Cette conférence plénière a été donnée dans le cadre du colloque international La postmodalité et les cycles de vie des expressions modales, organisé par le laboratoire CRISCO, à l’Université de Caen Normandie, du 2 au 3 juin 2022. Le colloque portait sur les stades avancés de l’évolution des éléments modaux : le passage du domaine modal au domaine postmodal, la démodalisation, la structure interne du champ postmodal et les possibles cycles de remodalisation.

This keynote speech was given at the international conference on Postmodality and the life cycles of modal expressions, organized by the research group CRISCO, at the University of Caen Normandy, 2-3 June 2022. The conference focused on the late stages in the evolution of modal items, namely the transition from modal to postmodal domain, demodalization, the internal structure of the postmodal category and the possible remodalization cycles.

Agnès Celle is a professor of linguistics at Université Paris Cité, France. Her research specialisations include the tense-aspect-modality interface, English French contrastive analysis, evidentiality and mirativity from a typological perspective. She is currently the principal investigator of a project on the transmission of knowledge through questions in TED talks and of a French-Estonian bilateral mobility programme (PHC Parrot) on Surprise Questions from a comparative perspective. She has recently become interested in the correlation between modality and distinct speech acts.

Mirative extensions in the postmodal domain

The aim of this paper is to offer a semantic-pragmatic account of the postmodal uses of should and would. Arguably, should and would are related to the postmodal domain in so far as both modal auxiliaries have become associated with certain complement clauses:

  1. I found it a bit odd that a sensible girl should write about them in that - that romantic way. BNC

  2. It was odd that she would have her own servant, Isabel mused vaguely. BNC

As proposed by Van der Auwera and Plungian (1998), complement clauses are part of the environments where postmodal meaning may derive from epistemic or deontic necessity. In the postmodal domain, the epistemic or deontic necessity meaning associated with these modals comes into conflict with a factual context (Celle 2018). I argue that this produces mirative extensions.

According to Larreya (2015), what underlies the use of both would and should in factual contexts is "a posteriori modalisation", which may turn out to be either constative or evaluative. I take evaluative modalisation to rely on the common ground, and constative modalisation to be evidence-based. I argue that this distinction is crucial to the structuring of the postmodal domain. It allows unifying and explaining various uses of would and should in complement clauses and beyond.
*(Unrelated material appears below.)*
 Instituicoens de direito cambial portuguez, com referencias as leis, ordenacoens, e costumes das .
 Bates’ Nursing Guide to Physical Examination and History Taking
For instance, in equative structures, would is reported to express the speaker's high level of confidence in the truth of the proposition (Ward, Birner, and Kaplan 2003):

  1. A: Who's the British woman over there?

B: That would be J.K. Rowling. (Ward et al. 2003: 71)

As pointed out by Ward et al., the speaker has objective verifiable evidence for the truth of the proposition. I argue that would, in contrast to should, is used to mark discourse-new information. Would signals the speaker's awareness that the information update they propose is not self-evident. Therefore, the speaker may possibly anticipate the addressee's reluctance to accept this update (Celle 2012).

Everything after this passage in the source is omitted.